Baron von Rothschild, the legendary French financier, once stated that the ideal portfolio should consist of one-third securities, one-third art, and one-third real estate. The current international real estate market would appear to belie his advice however.Emerging market investors and other legendary financiers with real estate holdings have suffered pain, there is no doubt. The housing markets in Spain, Ireland and many other countries are years, if not decades away from recovery. This is true for international real estate around the globe.
This is the primary reason for the collapse of the banking systems in these countries. But international real estate should have a place in every portfolio. As with so much other investing advice, Baron von Rothschild is right here too. For emerging market investors, the exchange traded fund for timber and related products, Guggenheim Timber (NYSEARCA:CUT), sprinkles a flavoring of international real estate with other protection.
Historically, timber land has outpaced inflation. Guggenheim Timber has large positions in timber real estate investment trusts. It also has holdings in companies that produce and distribute associated items such as paper and packaging, amongst others. This also results in exposure to the international real estate market in emerging market nations, and around the globe.

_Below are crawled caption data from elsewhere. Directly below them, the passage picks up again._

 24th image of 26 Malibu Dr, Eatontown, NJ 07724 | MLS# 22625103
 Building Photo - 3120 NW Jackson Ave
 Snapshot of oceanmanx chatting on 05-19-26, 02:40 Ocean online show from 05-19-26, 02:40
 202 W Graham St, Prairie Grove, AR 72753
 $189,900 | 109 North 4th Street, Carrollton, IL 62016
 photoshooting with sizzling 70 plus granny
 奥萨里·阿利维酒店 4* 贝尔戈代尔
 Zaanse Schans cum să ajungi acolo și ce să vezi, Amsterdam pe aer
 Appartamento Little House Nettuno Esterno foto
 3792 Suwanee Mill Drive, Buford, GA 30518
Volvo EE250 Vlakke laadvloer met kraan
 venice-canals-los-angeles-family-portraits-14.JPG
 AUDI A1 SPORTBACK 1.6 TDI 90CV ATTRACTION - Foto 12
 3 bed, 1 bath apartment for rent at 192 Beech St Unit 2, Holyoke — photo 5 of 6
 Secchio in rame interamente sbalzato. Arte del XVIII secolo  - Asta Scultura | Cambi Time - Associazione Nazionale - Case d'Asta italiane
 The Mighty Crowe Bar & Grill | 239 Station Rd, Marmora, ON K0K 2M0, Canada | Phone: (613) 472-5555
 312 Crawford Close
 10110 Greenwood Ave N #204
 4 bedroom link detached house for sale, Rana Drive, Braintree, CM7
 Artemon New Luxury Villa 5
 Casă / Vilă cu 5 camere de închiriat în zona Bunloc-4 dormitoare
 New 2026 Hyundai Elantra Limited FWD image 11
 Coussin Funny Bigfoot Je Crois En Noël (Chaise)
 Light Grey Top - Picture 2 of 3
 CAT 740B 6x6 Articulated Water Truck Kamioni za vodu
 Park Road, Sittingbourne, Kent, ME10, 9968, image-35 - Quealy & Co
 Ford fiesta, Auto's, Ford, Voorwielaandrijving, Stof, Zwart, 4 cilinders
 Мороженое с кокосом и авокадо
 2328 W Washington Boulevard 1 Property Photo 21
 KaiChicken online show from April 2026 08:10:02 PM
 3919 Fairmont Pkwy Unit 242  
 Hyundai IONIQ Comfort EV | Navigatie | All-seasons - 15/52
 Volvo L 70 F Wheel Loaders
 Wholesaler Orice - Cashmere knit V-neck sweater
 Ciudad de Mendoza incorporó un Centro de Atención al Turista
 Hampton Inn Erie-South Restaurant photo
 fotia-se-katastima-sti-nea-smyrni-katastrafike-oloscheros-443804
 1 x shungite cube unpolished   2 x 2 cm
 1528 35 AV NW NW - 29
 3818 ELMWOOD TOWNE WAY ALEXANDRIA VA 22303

When real estate rises, timber land is strong for a variety of factors. Overall, the whole international real estate sector will rise, including uncut timber land. Specifically, when more homes are being built, there is a greater demand for lumber for houses. From the floors to the roof, wood is needed in the building of houses and commercial buildings for both decorative and construction purposes. International real estate will recover and when it does, timber land will rise again.
This no doubt lured uber investor John Paulson into his ill-fated investment in Sino Forest. His example illustrates one of the main benefits of an exchange traded fund for individual investors: there is a broad diversity of investments and superior research resources, in addition to lower costs. This is particularly valuable for investing in international real estate.
At the nadir of the Great Recession in early 2009, Guggenheim Lumber was trading under $7.50 a share. It is now around $16. It has been the same story of recovery for the home builder ETF, SPDR S&P Homebuilders (NYSEARCA:XHB). The rebound has slowed in recent trading however, for both CUT and XHB.
Year to date, the Guggehiem Lumber ETF is down 2.90%. It has increased in the short term and is up 1.45% for the last week of market action.